Data for processing START

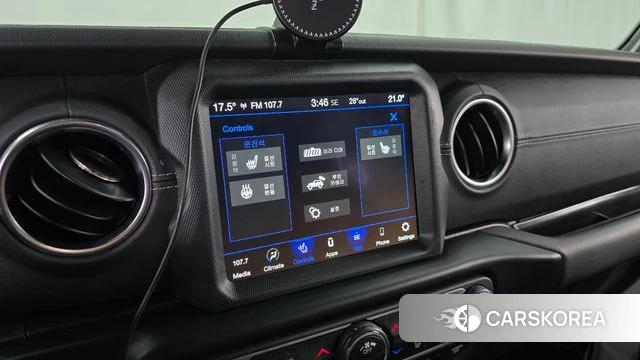 Jeep Wrangler (JL) 2022 Белый из Кореи, фото 6
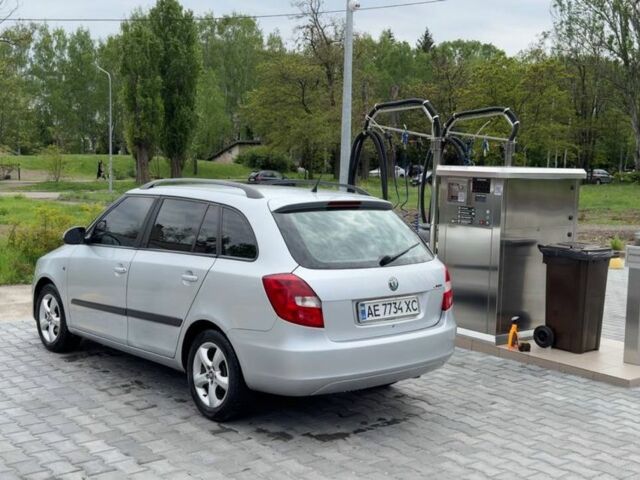 Сірий Шкода Фабія, об'ємом двигуна 1.2 л та пробігом 256 тис. км за 4600 $, фото 4 на Automoto.ua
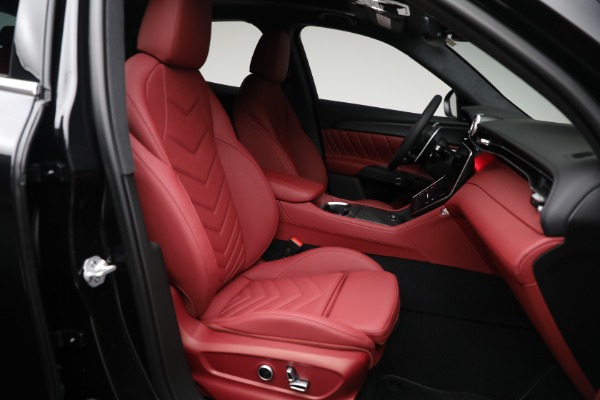 New 2025 Maserati Grecale for sale $84,856 at Alfa Romeo of Greenwich in Greenwich CT 06830 17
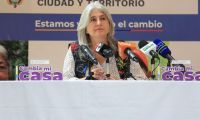 La ministra de Vivienda, Catalina Velasco.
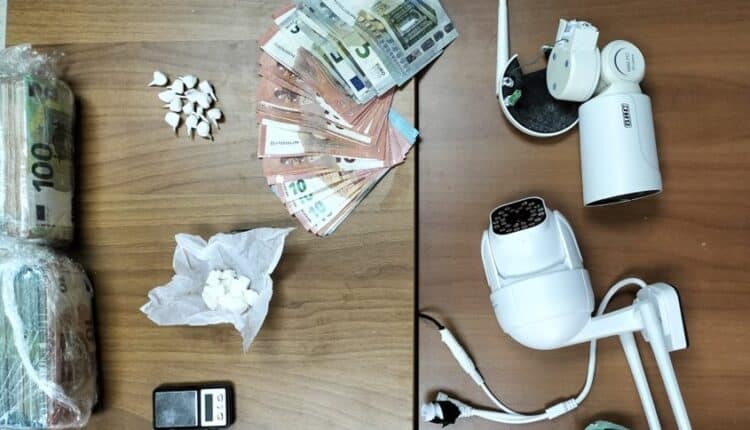 Taranto, la Polizia di Stato arresta un 50enne: trovati 17 grammi di cocaina e 3 stecche di hashish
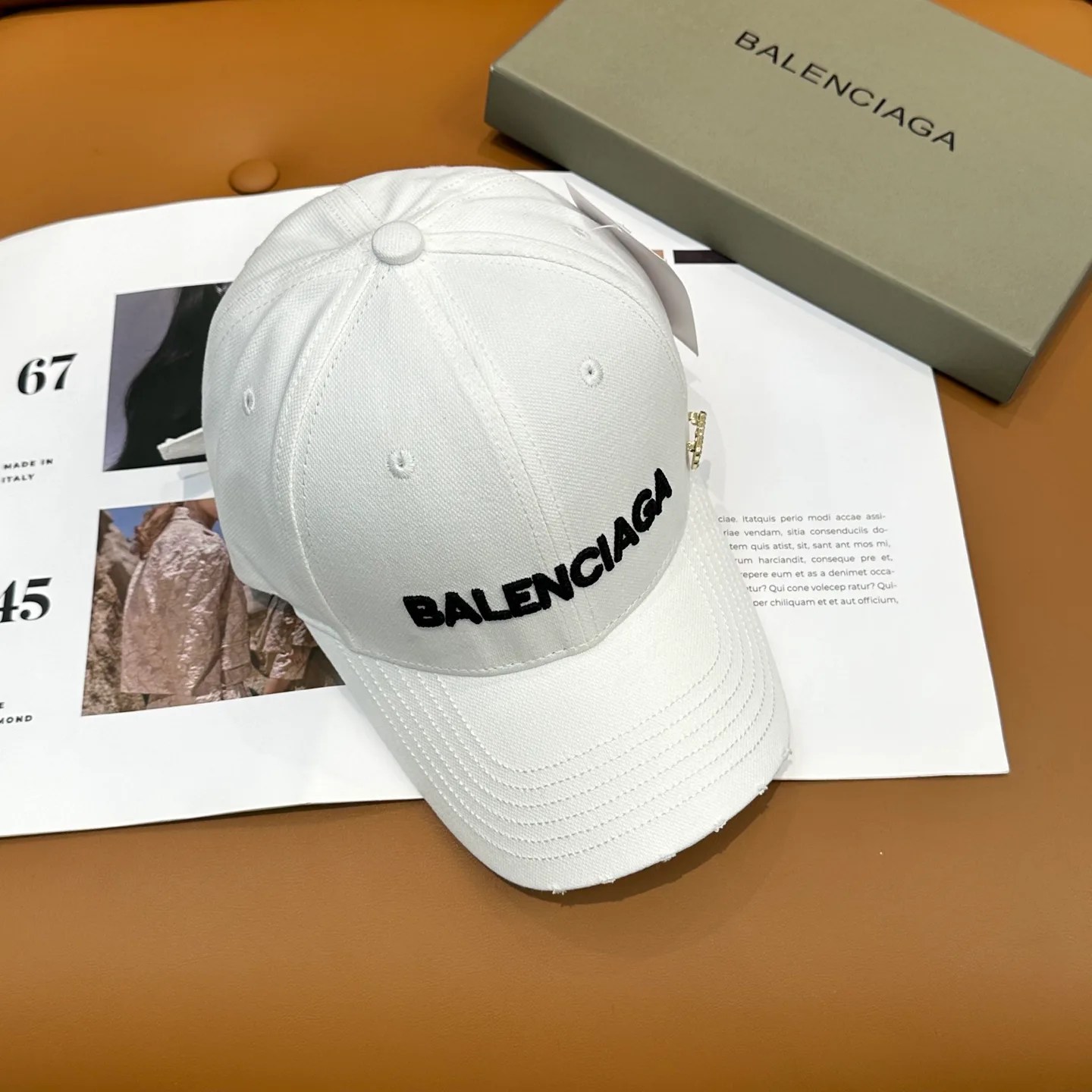 Головные Уборы Balenciaga 980990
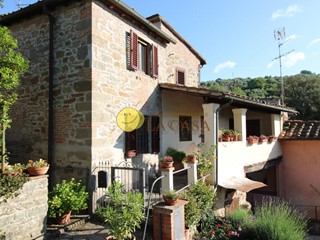 Casa Indipendente in Vendita a Figline e Incisa Valdarno, zona Ponte Agli Stolli, 134'000&euro;, 131 m²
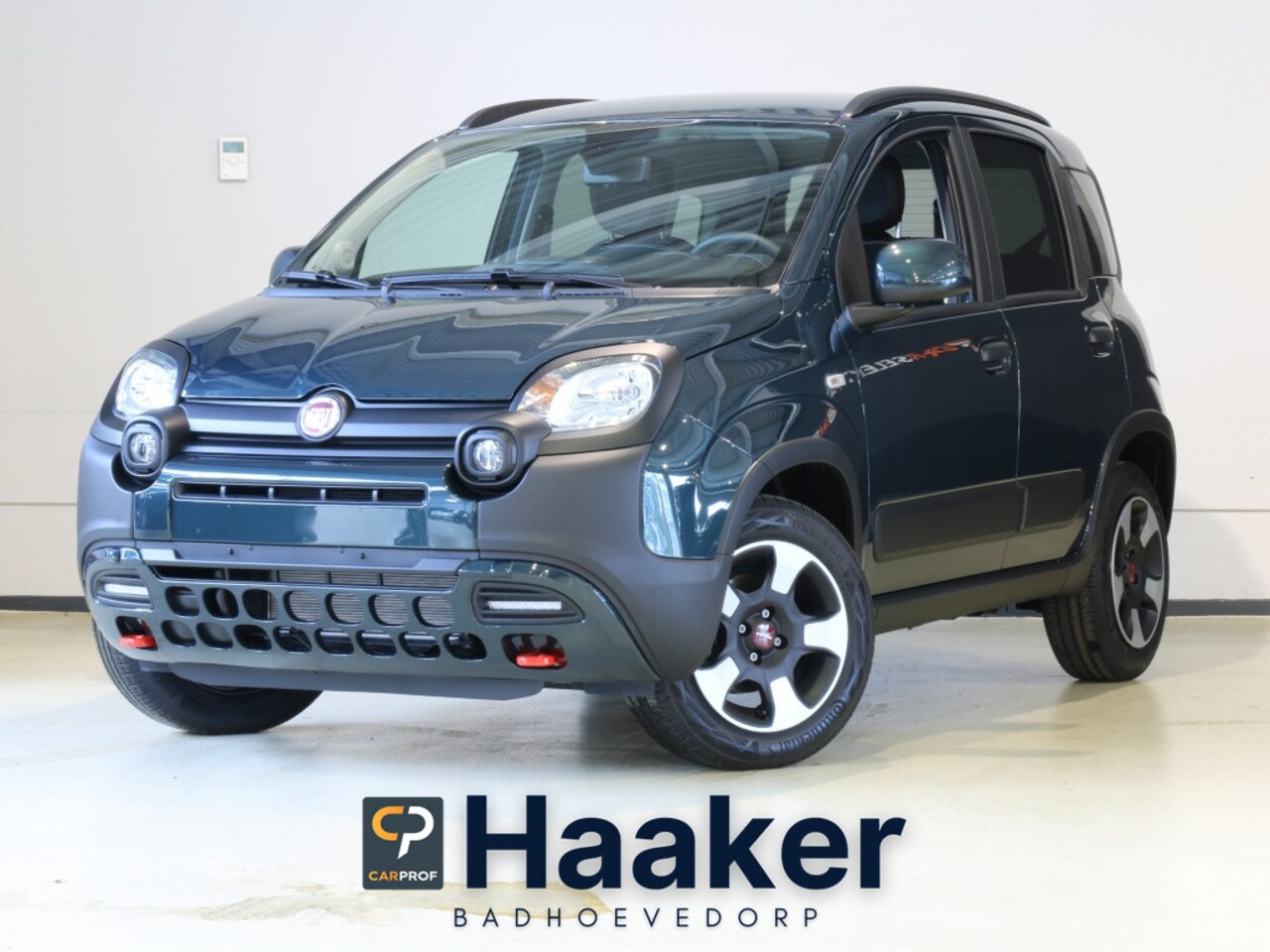 Fiat Panda - 1.0 Hybrid Cross * ALS NIEUW * DIRECT LEVERBAAR - AutoWereld.nl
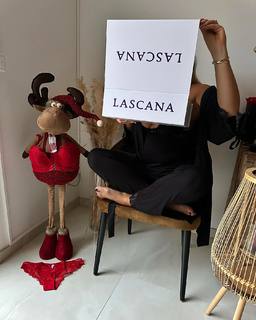 Evelyn Burdecki feet photo thumbnail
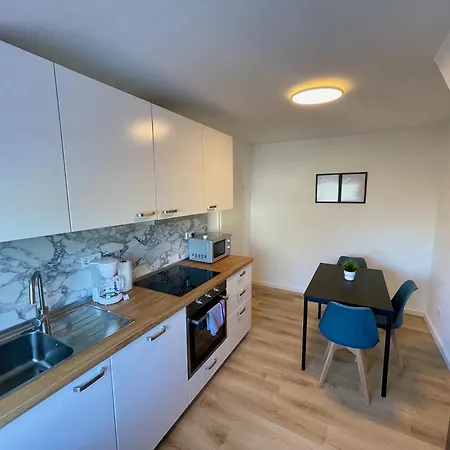 Wohnen Auf Zeit, Auguststraße 11a Apartment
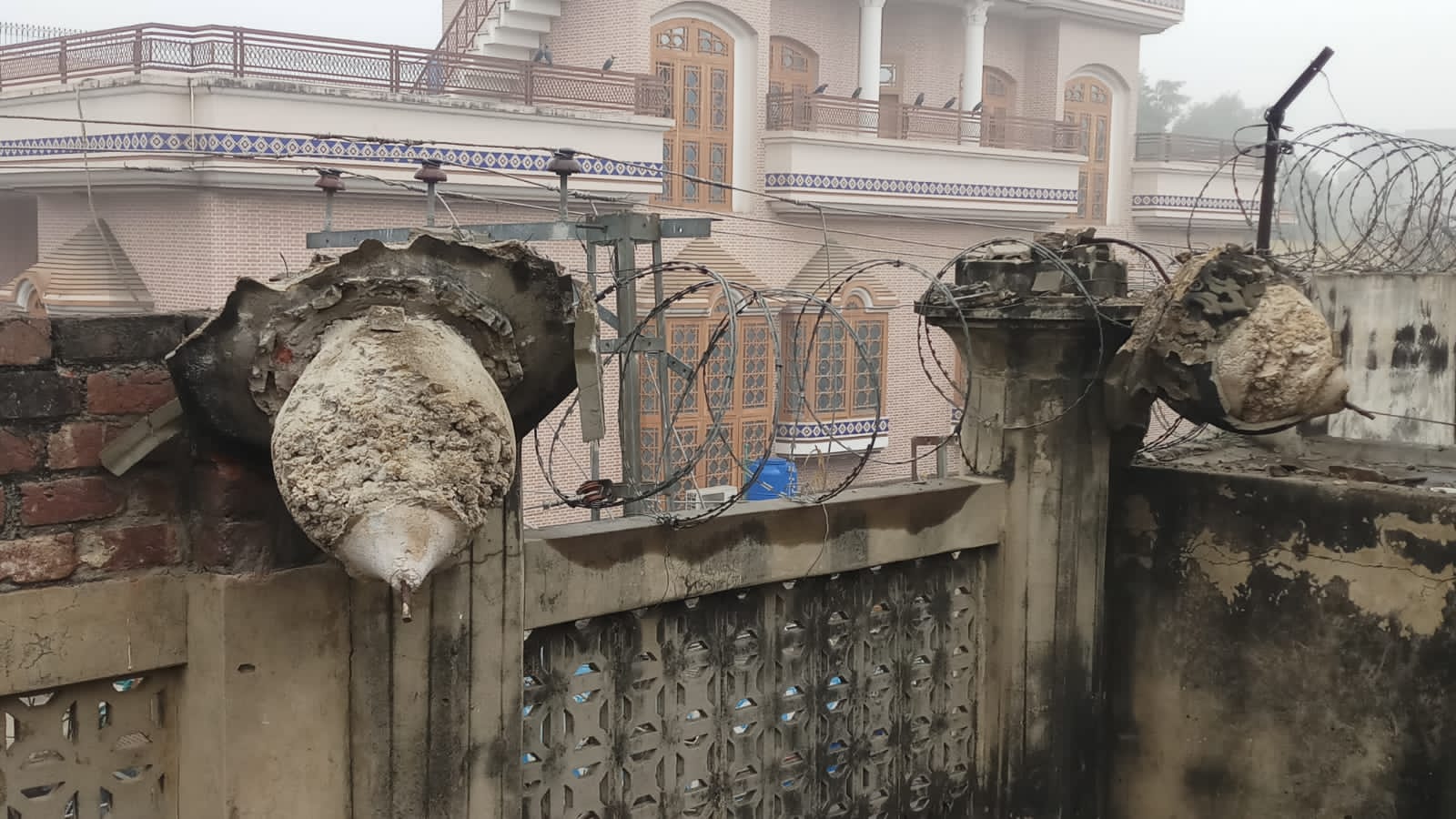 Punjab Police demolishes minaret of Ahmadi Ibadatgah in Wazirabad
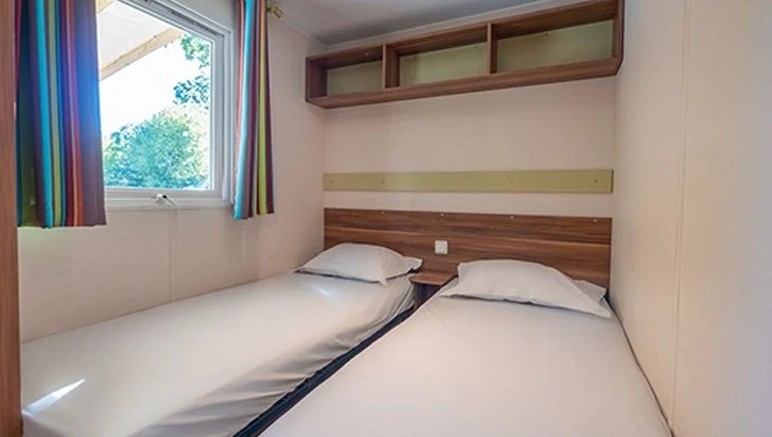 Vente privée Camping 3* Platja Cambrils – Chambre avec lits simples (photo non contractuelle)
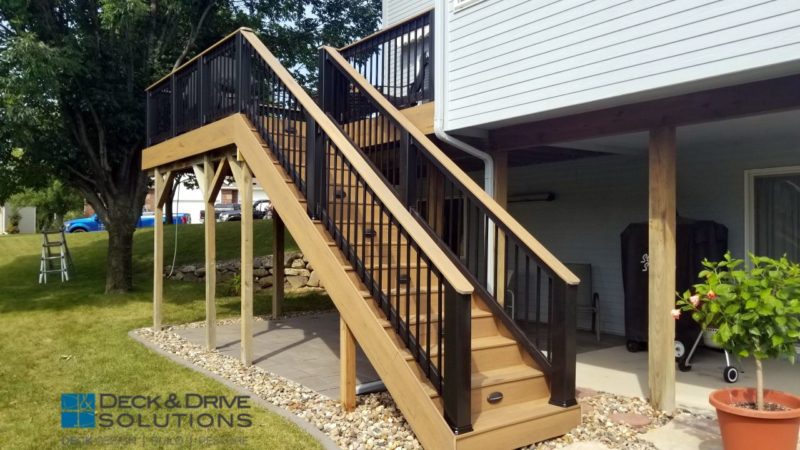 Timbertech Builder Rail on Composite deck stairs with lights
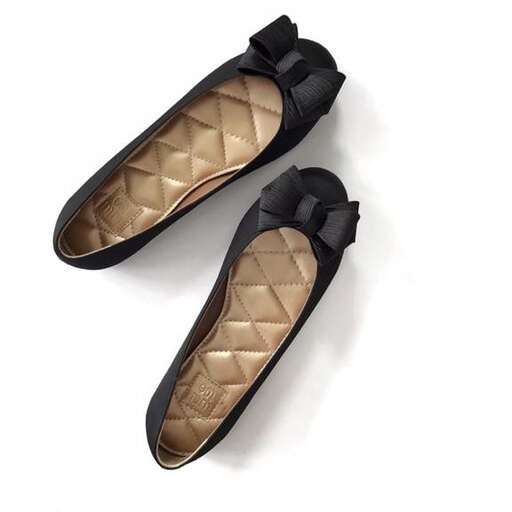 these shoes are made from leather and are made from % recycled leather.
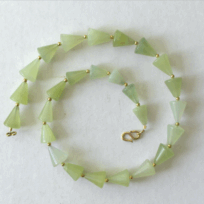 <em>Jade Cones,</em> necklace jade, gold-plated silver, 47cm long, no 1520.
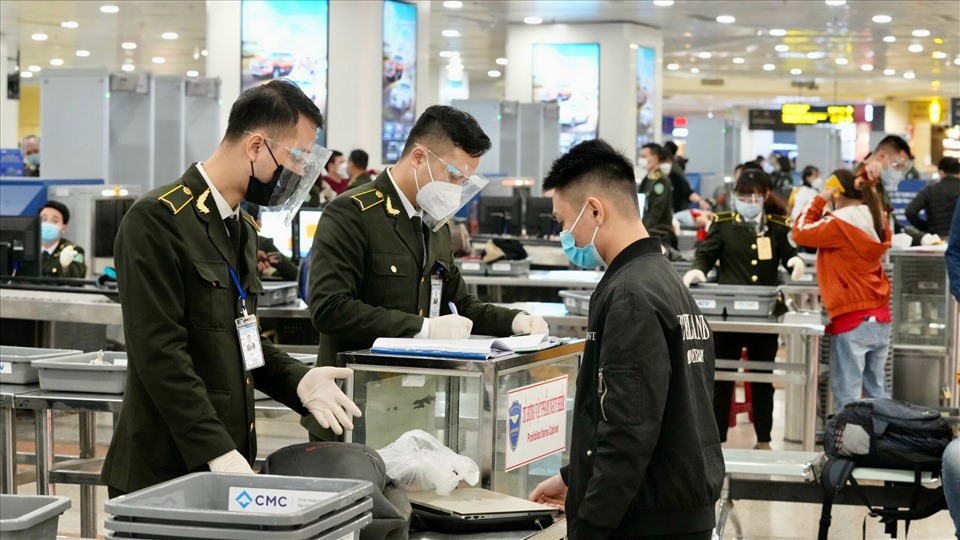 Garantizar la seguridad de la aviación en los aeropuertos.  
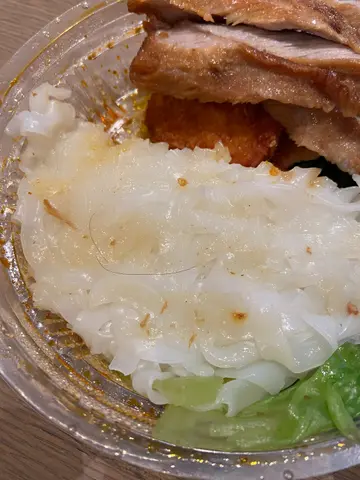 猪颈肉冬阴功河粉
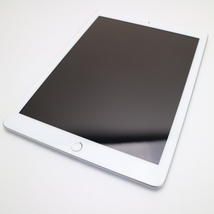 超美品 SIMフリー iPad 第6世代 32GB シルバー タブレット 白ロム 中古 即日発送 Apple あすつく 土日祝発送OK_画像1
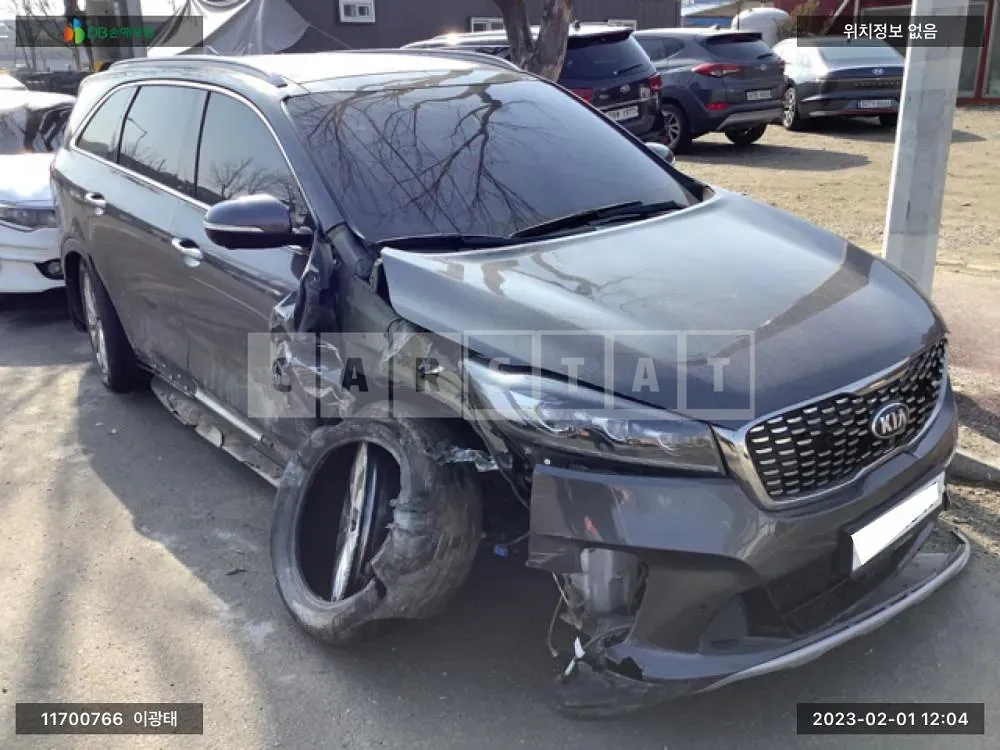 Photo 2 of 10: 2017 Kia Sorento /Sorrento, VIN KNAPH81BDJA422016 — Korean insurance auction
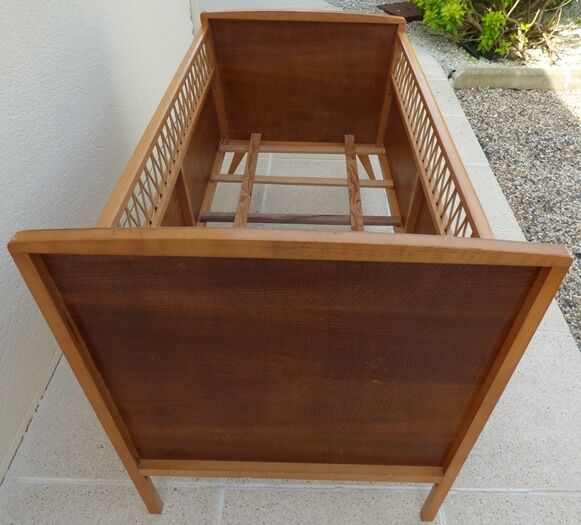 Art Deco baby with its wooden compass feet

Data for processing END

### Assignment
The whole listing above is to be printed exactly; the pictures stay out.

### Task response
 Jeep Wrangler (JL) 2022 Белый из Кореи, фото 6
 Сірий Шкода Фабія, об'ємом двигуна 1.2 л та пробігом 256 тис. км за 4600 $, фото 4 на Automoto.ua
 New 2025 Maserati Grecale for sale $84,856 at Alfa Romeo of Greenwich in Greenwich CT 06830 17
 La ministra de Vivienda, Catalina Velasco.
 Taranto, la Polizia di Stato arresta un 50enne: trovati 17 grammi di cocaina e 3 stecche di hashish
 Головные Уборы Balenciaga 980990
 Casa Indipendente in Vendita a Figline e Incisa Valdarno, zona Ponte Agli Stolli, 134'000&euro;, 131 m²
 Fiat Panda - 1.0 Hybrid Cross * ALS NIEUW * DIRECT LEVERBAAR - AutoWereld.nl
 Evelyn Burdecki feet photo thumbnail
 Wohnen Auf Zeit, Auguststraße 11a Apartment
 Punjab Police demolishes minaret of Ahmadi Ibadatgah in Wazirabad
 Vente privée Camping 3* Platja Cambrils – Chambre avec lits simples (photo non contractuelle)
 Timbertech Builder Rail on Composite deck stairs with lights
 these shoes are made from leather and are made from % recycled leather.
 <em>Jade Cones,</em> necklace jade, gold-plated silver, 47cm long, no 1520.
 Garantizar la seguridad de la aviación en los aeropuertos.  
 猪颈肉冬阴功河粉
 超美品 SIMフリー iPad 第6世代 32GB シルバー タブレット 白ロム 中古 即日発送 Apple あすつく 土日祝発送OK_画像1
 Photo 2 of 10: 2017 Kia Sorento /Sorrento, VIN KNAPH81BDJA422016 — Korean insurance auction
 Art Deco baby with its wooden compass feet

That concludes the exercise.